Czerny, who speaks English, French, German, Italian and Spanish, has worked since 2016 as a Vatican undersecretary of the Section for Migrants and Refugees at the Dicastery for Promoting Integral Human Development.
That came after he spent six years in the Vatican under Cardinal Peter Turkson in the Pontifical Council for Justice and Peace. Earlier this year, he was appointed by the Pope as a special secretary for the upcoming Synod of Bishops for the Amazon.
Yet despite his Curia experience, the priest’s selection to become a cardinal was unexpected. Although he has worked in several social justice ministries in Canada, Central America and Africa before moving to the Vatican, according to canon law he must be ordained a bishop before receiving his red hat — unless he requests and receives a dispensation.
Jesuit Fr. Michael Kelly, who has known Czerny for 30 years, said the selection “isn’t really that surprising because Michael’s appointment is completely consistent with the pastoral priorities of this pontificate.”
“I think Michael exemplifies what this Pope wants — a pastoral and merciful approach to people in need and the more of that there is in the College of Cardinals, the better it will be for the Church worldwide,” Kelly said by e-mail. “And his current work with migrants and refugees will feed that contribution.

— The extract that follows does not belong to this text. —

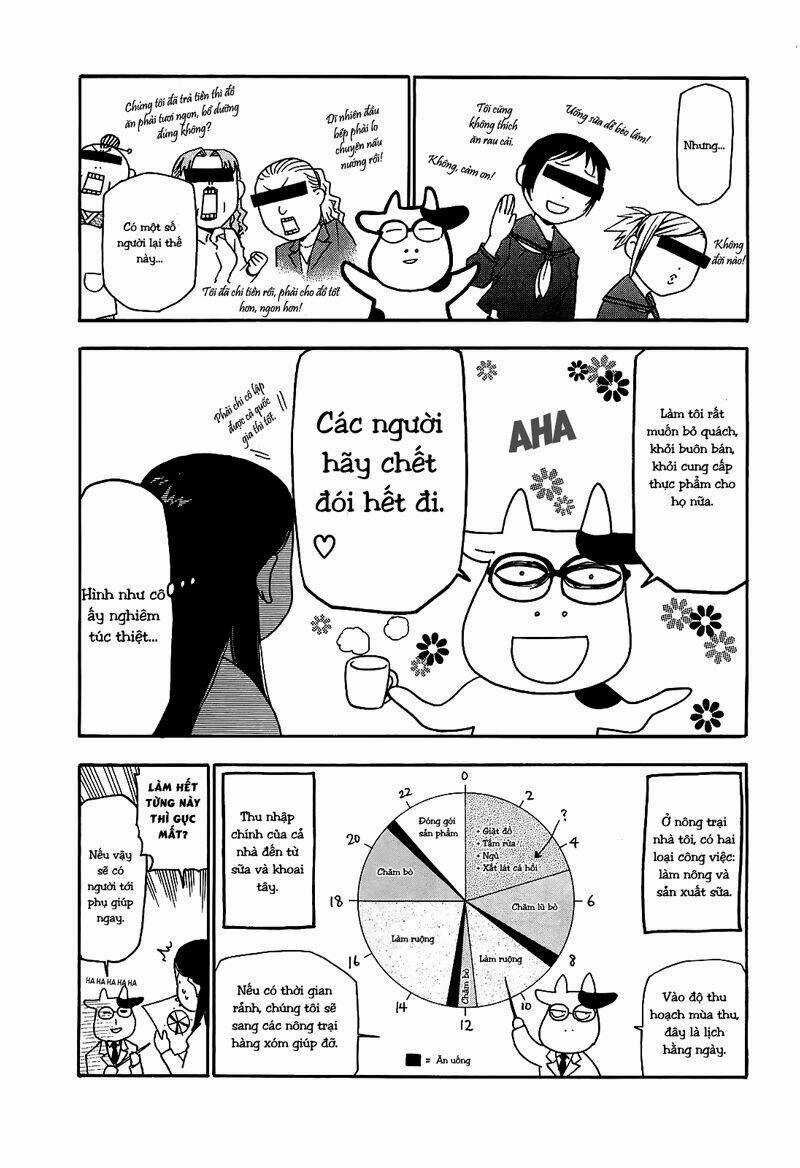 Hyakushou Kizoku Chapter 1 trang 7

“Michael is the blend of someone with a razor sharp mind with someone who’s had the benefit of loads of experience at the coal face of serving people in great need.”

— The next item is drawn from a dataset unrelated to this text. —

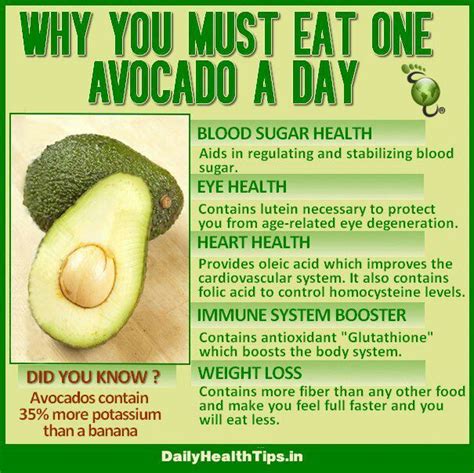 The Goodness Of Avo With Images Avocado Health Benefits Avocado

An example of that came in 2002 when, at his request, Czerny moved to Africa to become the founding director of the African Jesuit AIDS Network.
“When he started that work there was resistance to looking at AIDS except through a moralizing lens,” Kelly said. “Michael did a lot to move beyond that point to seeing the people involved and the service needed as being a medical response.”
The 13 new cardinals are from 13 different nations, and 10 of them are under age 80 and therefore eligible to vote in a conclave. In addition to Czerny they are:
Archbishop Ignatius Suharyo Hardjoatmodjo, 69, of Indonesia; Archbishop Juan Garcia Rodriguez, 71, of Havana; Archbishop Fridolin Ambongo Besungu, 59, of Congo; Archbishop Jean-Claude Hollerich, 61, of Luxembourg; Bishop Alvaro Ramazzini Imeri, 72, of Guatemala; Archbishop Matteo Zuppi, 63, of Italy; Archbishop Cristobal Lopez Romero, 67, of Morocco; Archbishop Jose Tolentino Medonca, 53 of Portugal; Bishop Miguel Angel Ayuso Guixot, 67 of Spain; retired Archbishop Sigitas Tamkevicius 80, of Lithuania; retired Bishop Eugenio dal Corso, 80, of Angola; retired Archbishop Michael Fitzgerald, 82, of England.
Barring any deaths or resignations, when the new cardinals are installed the College of Cardinals will have 128 members eligible to vote in a conclave, although the number will fall to 124 after four cardinals turn 80 later in the month.